Di bagian pojok kanan bawah satu di antara 27 sketsa Borobudur yang dipamerkan oleh budayawan yang juga rohaniwan Khatolik Romo Mudji Sutrisno itu, ditulisnya dengan huruf bersambung, "garba stupa rahim para pencari 'life truth' ya para pencari 'kebenaran'".

Salah satu sketsa itu, seolah membawa siapa saja yang menyaksikan pameran untuk merefleksikan perjalanan hidup manusia yang dalam tiga tataran makna di Candi Borobudur, meliputi tingkatan kamadhatu, rupadhatu, dan aruphadatu.

Kamadhatu, tataran hidup yang masih bersumber kepada hasrat, rupadhatu tentang penghayatan situasi duniawi namun mulai menemukan pencerahan bahwa sumber derita adalah hasrat, sedangkan aruphadatu tahapan kehidupan manusia mendekati nirwana yang oleh budayawan Mohamad Sobary disebut dengan kata-kata berbahasa Jawa sebagai "awang-uwung".

"Ketika kita berbicara tentang aruphadatu, kita berada di suatu alam yang 'awang-uwung'. Dari 'awang-uwung' kembali ke alam 'awang-uwung', hampa, tidak ada siapa-siapa, kecuali adanya kekuatan yang memberi pencerahan dan kebenaran yang tidak usah dibantah lagi, karena kebenaran pada tingkat itu tidak terbantahkan," tutur Sobary.

Ia mengatakan hal itu, ketika membuka pameran sketsa Borobudur berjudul "Aruphadatu" dalam rangkaian "Borobudur Writers and Cultural Festival" (12-15 November 2014) dengan tema besar "Ratu Adil: Kekuasaan dan Pemberontakan di Nusantara", Kamis (13/11).

Festival para penulis itu diselenggarakan pada 2014 sebagai ketiga kalinya oleh Samana Foundation --lembaga nirlaba berbasis pengembangan budaya dan sejarah Nusantara-- didirikan oleh Yoke Darmawan (profesional konsultasi manajemen), Seno Joko Suyono (redaktur budaya Tempo), Dorothea Rosa Herliany (penyair), Wicaksono Adi (penulis esai seni-budaya), dan Imam Muhtarom (penulis dan editor buku).
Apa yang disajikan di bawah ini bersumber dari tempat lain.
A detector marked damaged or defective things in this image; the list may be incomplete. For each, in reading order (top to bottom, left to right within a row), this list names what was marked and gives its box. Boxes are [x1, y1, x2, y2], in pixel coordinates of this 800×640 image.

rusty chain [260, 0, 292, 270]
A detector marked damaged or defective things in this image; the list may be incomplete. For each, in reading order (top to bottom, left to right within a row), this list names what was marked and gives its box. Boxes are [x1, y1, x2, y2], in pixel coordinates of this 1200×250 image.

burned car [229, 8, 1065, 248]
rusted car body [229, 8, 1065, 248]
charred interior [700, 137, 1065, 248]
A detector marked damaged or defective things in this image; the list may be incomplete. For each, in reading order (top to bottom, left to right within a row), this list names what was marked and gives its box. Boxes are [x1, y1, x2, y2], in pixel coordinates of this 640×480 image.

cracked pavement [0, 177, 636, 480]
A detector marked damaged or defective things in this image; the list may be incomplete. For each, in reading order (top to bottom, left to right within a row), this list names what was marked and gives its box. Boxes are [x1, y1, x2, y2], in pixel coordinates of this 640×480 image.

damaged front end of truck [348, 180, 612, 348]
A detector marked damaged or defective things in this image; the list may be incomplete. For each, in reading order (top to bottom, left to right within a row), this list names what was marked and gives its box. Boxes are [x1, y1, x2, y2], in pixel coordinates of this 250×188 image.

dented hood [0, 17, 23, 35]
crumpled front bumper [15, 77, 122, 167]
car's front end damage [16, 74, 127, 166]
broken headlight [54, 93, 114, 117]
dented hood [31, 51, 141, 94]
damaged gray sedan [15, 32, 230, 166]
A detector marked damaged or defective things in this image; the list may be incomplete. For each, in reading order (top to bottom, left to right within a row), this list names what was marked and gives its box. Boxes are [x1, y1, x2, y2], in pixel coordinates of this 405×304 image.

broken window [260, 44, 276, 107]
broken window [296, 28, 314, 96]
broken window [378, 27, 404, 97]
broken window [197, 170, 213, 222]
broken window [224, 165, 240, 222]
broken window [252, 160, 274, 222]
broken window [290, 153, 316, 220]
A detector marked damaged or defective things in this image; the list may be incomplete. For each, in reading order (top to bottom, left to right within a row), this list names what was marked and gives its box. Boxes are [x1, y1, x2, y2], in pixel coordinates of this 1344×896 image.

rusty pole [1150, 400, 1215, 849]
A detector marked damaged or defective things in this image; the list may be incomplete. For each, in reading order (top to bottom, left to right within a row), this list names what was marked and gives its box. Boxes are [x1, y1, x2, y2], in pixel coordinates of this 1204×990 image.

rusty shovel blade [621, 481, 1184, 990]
Melalui pameran karya sketsa selama 2014 itu, Romo Mudji yang juga Guru Besar Sekolah Tinggi Filsafat Driyarkara Jakarta tersebut, seakan hendak mengajak siapapun menapaki perjalanan kehidupan keimanan untuk mencapai aruphadatu.

Ia mendaku menangkap langsung roh atas Candi Borobudur untuk kemudian dituangkan dalam beragam karya sketsa yang dipamerkan pada kesempatan tersebut, tidak lepas dari peran "iCan Studio" Yogyakarta.

"Bahwa perjalanan setiap orang adalah dari tahap-tahap hidupnya, sampai tahapnya adalah aruphadatu, di posisi kita ke langit dan bersatu dengan 'manunggaling kawula Gusti'," ucap Romo Mudji yang juga mengajar filsafat dan sosiologi di Program Pascasarjana Universitas Indonesia itu.

Sambil bergeser dari posisi berdirinya menuju depan satu sketsa berjudul "Borobudur II" --berupa sketsa lanskap Candi Borobudur dengan stupa induknya--, ia menunjukkan tentang tuangan karya sketsa yang dipandang sebagai polos atas roh Borobudur.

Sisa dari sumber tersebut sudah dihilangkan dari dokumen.